We will see the formats using arrays to store the values of pixels and not the referenced vector formats.
1.3.1 TIFF
The Tagged Image File Format (TIFF) was originally developed by Aldus and Microsoft, but actually itbelongs to Adobe System. The last version was performed in 1992 (Adobe Developers Association, Final – June 3, 1992). A TIFF File can contain one or several images with the possibility to describe from black and white images up to real color images with diverse compression schemes.
One of the possibilities that offers the mentioned format and becomes a very attractive product in the professional environments of production is the use of Alpha Channel which allows the creation of masks and transparency effects necessary in the professional environments of production both photography and professional video.
The architecture is based on the use of etiquettes that defines the characteristics of the image as the palette can be resolution dimensions, localization of data, etc. These etiquettes are located at the beginning of the file and provide flexibility at the moment to create new data and etiquette types defined by the user.
1.3.2 GIF
The Graphics exchange Format (GIF) was created by CompuServe in 1987, it has been one of the most widely used formats for web environments because of many factors; one of them is the possibility to have harbor inside the same file of several images so that it can store sequences to provide motion to the stored images in the file. On the other side the use of the motion images. Another factor that is widely used is for the size in the files that can be generated, the format can use palettes from 2 to 256 colors of between 16,8 millions of colors that can be used, this fact enables the use of few bits for the color encoding because it is restricted to a maximum of 256 colors for each palette that is used.
For example, a drawing that uses 8 different colors instead of using one byte to store the color information of each pixel, only is requires the use of 3 bites to store that information and that means a safe of more of the fifty percent in storage space and the transmission of this image.
The format is used mainly for the creation of motion icons which with few bits of color encoding, it turns into compressions lossless with a great performance. This together with the possibility to create animates makes it an ideal format for these environments.
1.3.3 PNG
The Portable Network Graphic (PNG) was initially developed as a free format to replace the gif files for many reasons to avoid too many license payments.

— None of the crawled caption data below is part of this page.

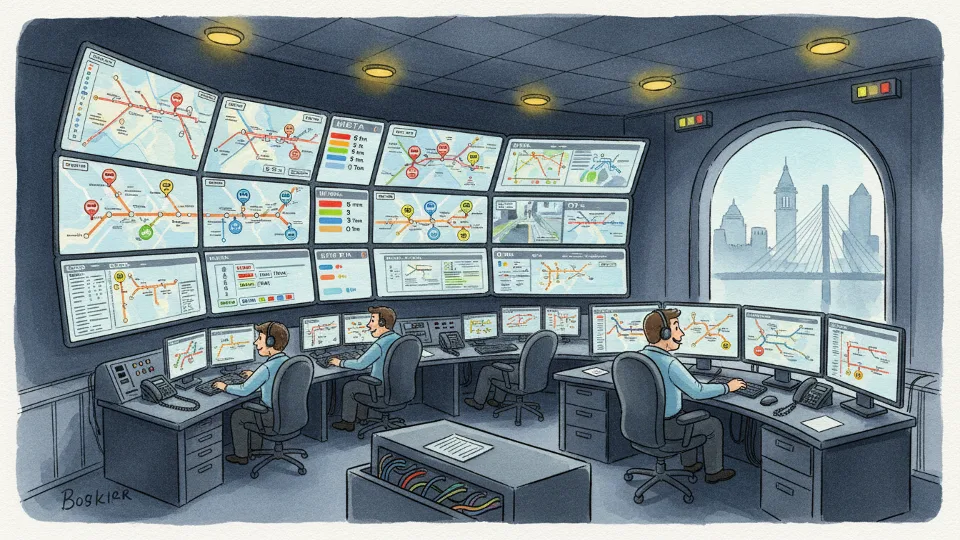 Train operations control center with monitoring screens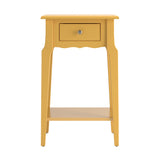 Homelegance By Top-Line Joplin 1-Drawer Wood Storage End Table Yellow Rubberwood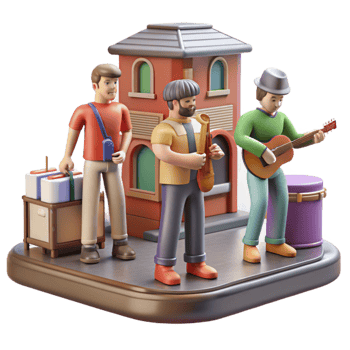 stunning traditional Urban Street Scene with Pedestrians Transparent Background high resolution png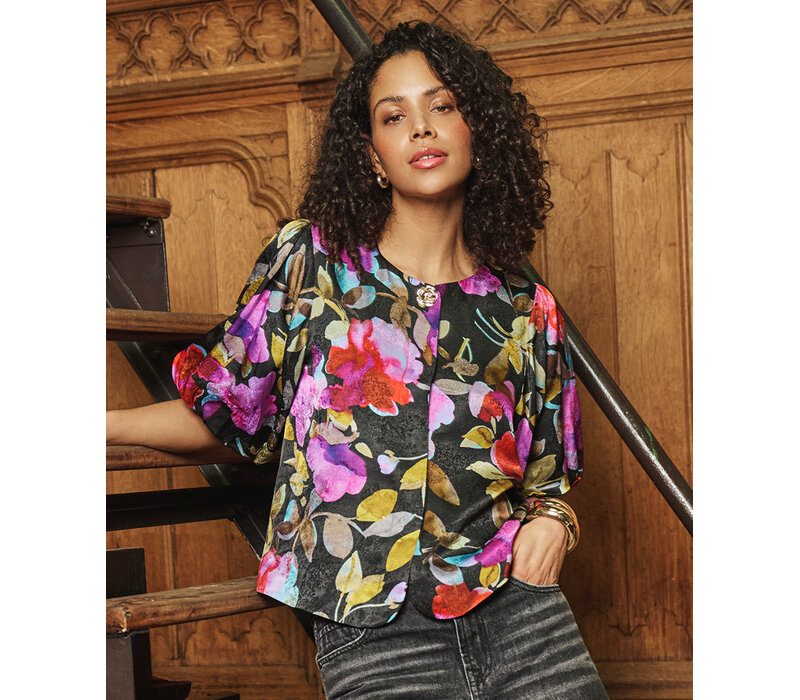 Esqualo 15700 Blossom Balloon Sleeve Blouse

Designing the representation of images on the Net with support of three types of images: grayscale (until 16 bits per pixel), real color (until 3x16 bits per pixel) and indexed colors (until 256 colors)
Also it incorporates Alpha channel to work in different production environments of photography or motion video.
1.3.4 JPEG
It was created by the Join Photographic Experts Group (JPEG) and established like a standard by ISO (CCITT, 1992). Today is the most used compression format to still images. The first encoding JPEG that emerged from the collaboration between ITU and ISO was a compression of 15:1 without losing subjective quality, with more compression factors that can be perceived as the loss of quality.
Is a standard created for images that has used the encoding of the motion images like image sequences, has been for a long time the system of the video servers in professional quality. The advantage of editing in any frame of the sequence without increase is the computer complexity made was widely used in production.